I did not start out to have a career in technology. I wanted to be a doctor or a writer. I ended up with a degree in Elementary Education, but before I graduated I met my future husband and he turned me onto a facet of technology that really interested me, communication via computers. Back in those days, any interest in computers also had to involve hardware and understanding much more arcana than today, so when I got my first jobs as an office temp, I was quickly the go-to-girl for printers that didn't work, writing macros for (now extinct) word processors, and generally sorting out the confusion that was pre-Windows office life.
But this post isn't about me or my life in IT. It is about one of the mentors I had along the way.
I was very lucky to land a job in the IT department of Duquesne University in the early 1990s. Lynda Barner-West headed up the group. She was blind to any limitations that others might have placed on women in IT. Our department seemed nearly evenly split between men and women, with us ladies programming, managing, training and tinkering on an equal footing with the men. It seemed slightly revolutionary then, and comparing to IT organizations I know today, I am sure it was.

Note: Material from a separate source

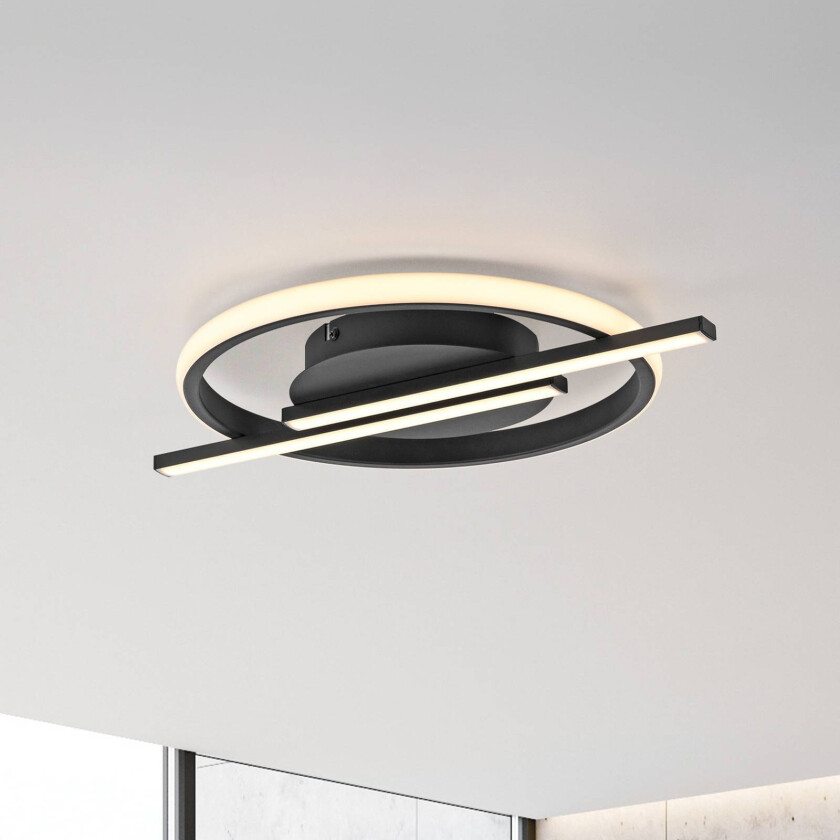 Korsa LED-taklampe, svart, Ø31 cm, dimbar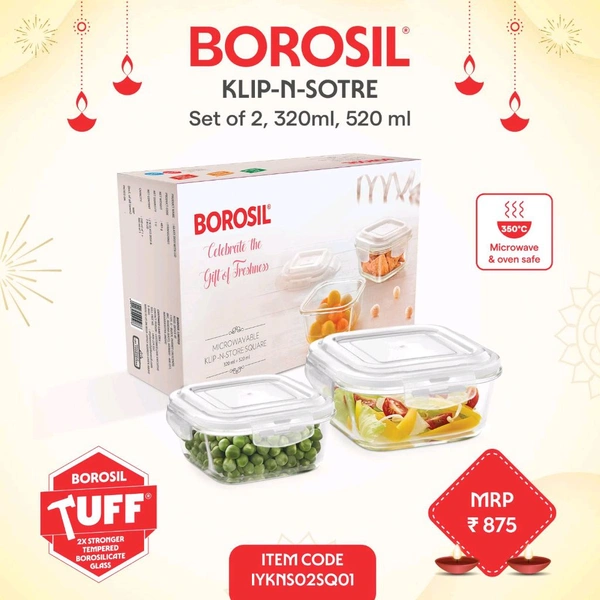 Borosil Clip N Store 2 Container Set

Lynda was revolutionary in technology, too. She brought our campus computing to the cutting edge, wiring Ethernet in every dorm room well before that was common, and creating not only up-to-date student computing labs, but pioneering computerised classrooms with kiosks, projection systems and a centralised media server. Duquesne was an early adopter of the NeXT platform, too.
Lynda was not only technically astute, but she had a knack for helping her staff to reach their potential. She coached, challenged and sometimes cajoled each of us to top form. We were loyal, hardworking and constantly exploring new ideas. I started out training faculty and staff on using the Internet (remember telnet, ftp, Gopher, and pine?) and later moved into integrating technology into education by developing custom courseware and online classes. I've never worked with a better team of people than the IT department at Duquesne and I know that it was Lynda's influence, even after she had left for another academic computing challenge, that made us all strive to exceed expectations of the administration, faculty and students.
So thank you, Lynda, for giving me an interesting and educational workplace free of gender bias and filled with so many smart and savvy women in IT. Maybe I will write about some of my colleagues for the next Ada Lovelace Day.